“What can I get for ya?” Tony Silvoy shouted across a barrier stacked high with every type of chip, doodle and cracker imaginable. Behind the wall of grease and salt was a bald floating head with thick-framed glasses and a wide smile. A boy in line, decked out head-to-toe in Lehigh apparel, spoke up.
“I’ll take a Strugglebus, please.”
To an outsider, the exchange would sound like gibberish. The fluorescent menu behind the counter bears no such name. But to a Lehigh student, it’s an ordinary occurrence. Within minutes, the student was biting into a bacon, ham and cheddar jack cheese sandwich.
The Goosey Gander Deli, more commonly known as The Goose, has been one of Lehigh’s staple lunch destinations for almost 37 years. As the community has grown and transformed around the Fourth Street deli, The Goose’s presence has remained practice.
“We haven’t changed at all since 1979,” said Tony, owner of The Goose, though he prefers to simply be called a “sandwich maker.”
“We’ve been making sandwiches since the day we opened, and that’s what we continue to do to this day.”
The Goose has evolved, if only slightly. Several years ago, Tony introduced an option for customers to tweet their orders to @thegoosemen, which he said has definitely helped business.
“If people are in a hurry, they’re in and out in no time,” Tony said. “I’m glad Domino’s, after four and a half years, finally caught up to the small businesses.”
Since 2007, student clubs and organizations have teamed up with the deli to “Keep the Goose Open Late” in order to fundraise for their philanthropies. A man who loves to help the community in any way possible, Tony rarely denies a request to keep the deli open late.
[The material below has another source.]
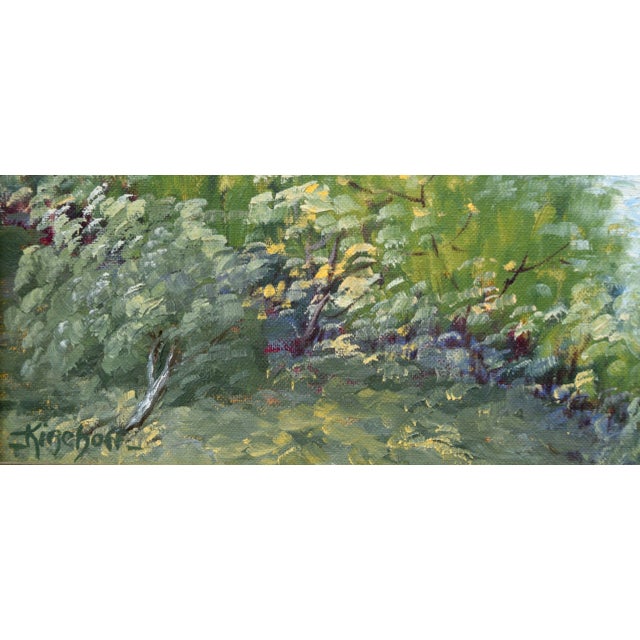 McKenzie River, Oregon - Mid Century Pacific Northwest Evergreen Landscape by Loretta Adele Lee Kirchoff For Sale - Image 4 of 4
“We used to fundraise with the student groups during the day during normal lunch hours, but we didn’t know who were our friends and who were friends of the organization,” Tony said. “So we started keeping it open late instead.”
The organizations sponsor keeping The Goose open after regular hours from 4 to 7 p.m., and their members either help to prepare and serve the food or draw in a crowd. At the end of the night, the student groups receive a percentage of the proceeds, but the exact amount varies based on the amount of money raised within the three hours.
“The sandwiches are a good price, and it’s a fun place to be,” said Sarah Segovia, ’17, taking her best guess as to what the secret may be. “There’s Lehigh paraphernalia everywhere, and Tony is the man.”
Deb Silvoy, Tony’s wife and the matriarch of the business, thinks she might know the reason for The Goose’s popularity.
“I think the friendly faces and good costumer relations are what keep people coming back,” she said. “A lot of times you go into restaurants and people aren’t smiling, people aren’t talking and sometimes they’re just outright nasty. Tony and I personally steer toward the places where people are nice to us, so that’s why we try to be inviting to everyone who comes in.”
Tony’s booming greeting to every person who walks through the door contributes to the atmosphere, as well as the way he refers to every costumer as his “friend” with utter genuineness. The existence of a secret menu, filled with sandwiches as unique as their names — Krabby Patties, Anakins and Wambulances make up the group, among dozens of others.
When asked about the not-so-well-kept secret, Tony gave little up.
“I have no idea what you’re talking about,” Tony said with a wink. “What secret menu?”